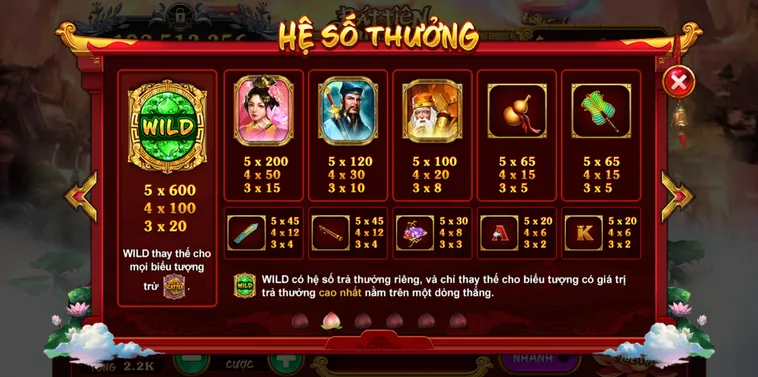 Thắng Khủng Với Nổ Hũ Táo Quân Tại VVVWin Ngay Hôm Nay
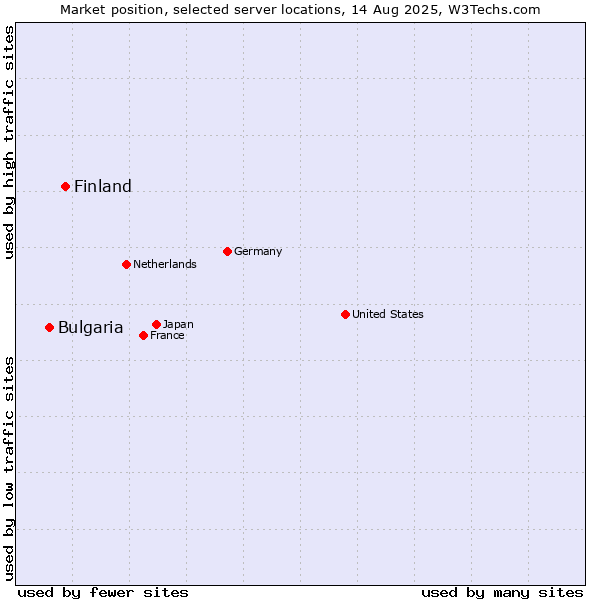 Market position of Finland vs. Bulgaria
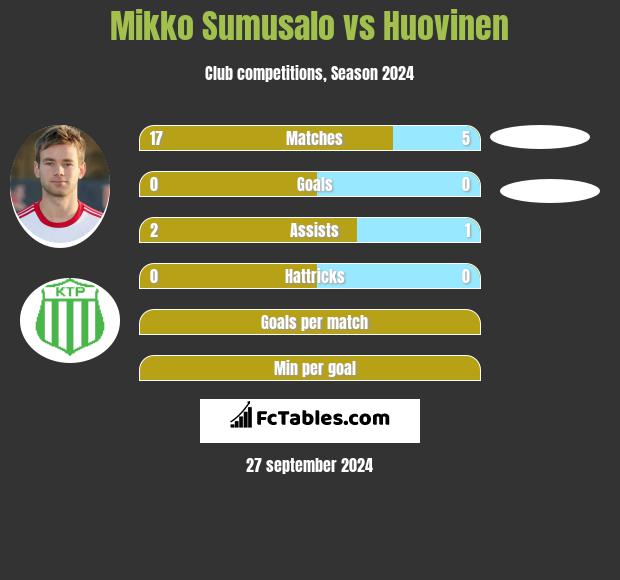 Mikko Sumusalo vs Huovinen h2h player stats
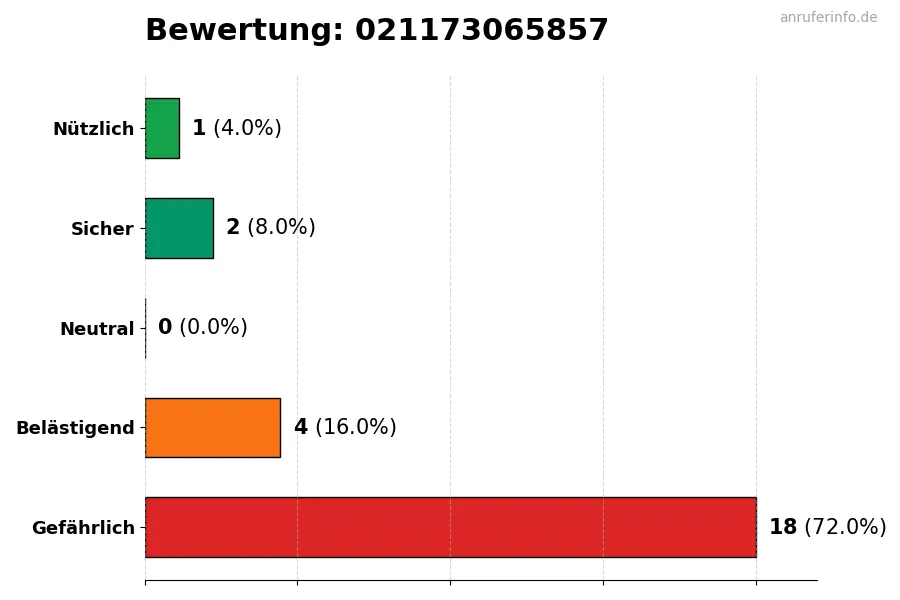 Diagramm, das die Benutzerbewertungen auf einer Skala von 1 bis 5 für die Nummer 021173065857 darstellt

TASK OBJECTIVE. A word-for-word repeat of the lines from the line with "Mikko Sumusalo vs Huovinen h2h player stats" to the last line of the data, both ends included and pictures left out, is all that should appear.

REPLY TO THE TASK.
 Mikko Sumusalo vs Huovinen h2h player stats
 Diagramm, das die Benutzerbewertungen auf einer Skala von 1 bis 5 für die Nummer 021173065857 darstellt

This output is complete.